Extracted material:
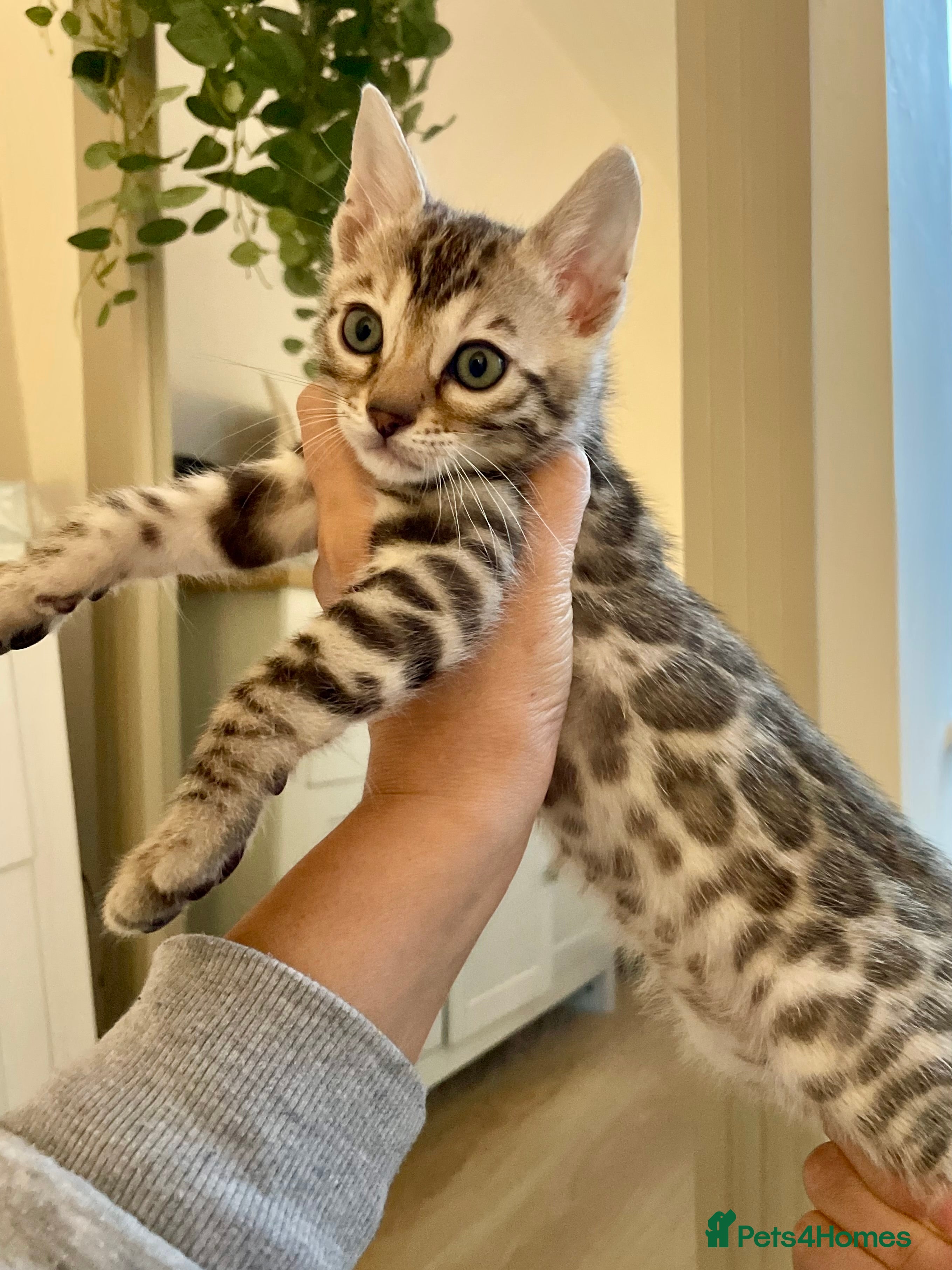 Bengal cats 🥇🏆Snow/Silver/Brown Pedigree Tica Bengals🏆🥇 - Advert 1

==

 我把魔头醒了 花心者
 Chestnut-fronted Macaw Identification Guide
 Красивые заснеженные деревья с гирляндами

What the exercise asks: Start with the line above that contains "Chestnut-fronted Macaw Identification Guide" and end with the line that contains "Красивые заснеженные деревья с гирляндами". Write out those lines exactly, and only those.

Result:
 Chestnut-fronted Macaw Identification Guide
 Красивые заснеженные деревья с гирляндами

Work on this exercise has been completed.